§ TASK GOAL
Please give again, word for word, the lines that lie between the start of the listing below and the line with "B&B Al Centro Storico – Nicolosi, CA", both included.

--- START ---

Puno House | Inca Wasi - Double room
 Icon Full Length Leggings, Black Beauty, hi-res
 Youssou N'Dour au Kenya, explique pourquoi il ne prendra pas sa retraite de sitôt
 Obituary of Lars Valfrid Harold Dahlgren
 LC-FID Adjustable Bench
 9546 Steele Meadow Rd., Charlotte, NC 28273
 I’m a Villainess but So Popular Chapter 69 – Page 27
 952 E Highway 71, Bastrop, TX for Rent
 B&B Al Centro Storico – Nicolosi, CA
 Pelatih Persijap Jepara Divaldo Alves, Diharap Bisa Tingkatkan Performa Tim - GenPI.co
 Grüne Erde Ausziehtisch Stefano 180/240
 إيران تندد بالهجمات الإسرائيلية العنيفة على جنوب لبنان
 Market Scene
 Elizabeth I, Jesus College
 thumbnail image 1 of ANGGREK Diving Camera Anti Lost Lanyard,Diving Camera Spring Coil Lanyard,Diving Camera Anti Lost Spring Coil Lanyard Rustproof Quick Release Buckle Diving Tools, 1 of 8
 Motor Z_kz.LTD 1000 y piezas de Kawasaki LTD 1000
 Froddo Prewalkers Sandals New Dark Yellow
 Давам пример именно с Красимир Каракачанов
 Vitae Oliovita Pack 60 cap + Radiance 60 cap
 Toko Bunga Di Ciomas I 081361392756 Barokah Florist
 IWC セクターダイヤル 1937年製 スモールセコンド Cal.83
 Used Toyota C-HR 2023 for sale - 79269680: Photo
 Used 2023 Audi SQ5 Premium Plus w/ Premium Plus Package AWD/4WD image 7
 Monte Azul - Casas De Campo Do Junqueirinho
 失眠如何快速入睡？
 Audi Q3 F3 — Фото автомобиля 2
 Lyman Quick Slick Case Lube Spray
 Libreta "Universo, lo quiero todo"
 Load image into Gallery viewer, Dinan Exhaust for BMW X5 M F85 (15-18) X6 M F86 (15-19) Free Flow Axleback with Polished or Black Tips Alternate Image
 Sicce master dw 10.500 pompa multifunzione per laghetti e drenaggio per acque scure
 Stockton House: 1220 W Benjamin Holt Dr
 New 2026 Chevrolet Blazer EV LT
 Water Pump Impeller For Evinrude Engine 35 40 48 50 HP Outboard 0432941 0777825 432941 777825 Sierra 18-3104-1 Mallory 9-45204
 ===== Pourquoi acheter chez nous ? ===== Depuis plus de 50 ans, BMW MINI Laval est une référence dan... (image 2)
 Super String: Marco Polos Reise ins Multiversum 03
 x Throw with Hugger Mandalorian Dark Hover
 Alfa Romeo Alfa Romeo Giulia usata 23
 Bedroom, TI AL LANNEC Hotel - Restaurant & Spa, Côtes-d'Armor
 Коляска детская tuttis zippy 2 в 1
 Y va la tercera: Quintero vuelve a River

--- END ---

§ EXERCISE OUTPUT
Puno House | Inca Wasi - Double room
 Icon Full Length Leggings, Black Beauty, hi-res
 Youssou N'Dour au Kenya, explique pourquoi il ne prendra pas sa retraite de sitôt
 Obituary of Lars Valfrid Harold Dahlgren
 LC-FID Adjustable Bench
 9546 Steele Meadow Rd., Charlotte, NC 28273
 I’m a Villainess but So Popular Chapter 69 – Page 27
 952 E Highway 71, Bastrop, TX for Rent
 B&B Al Centro Storico – Nicolosi, CA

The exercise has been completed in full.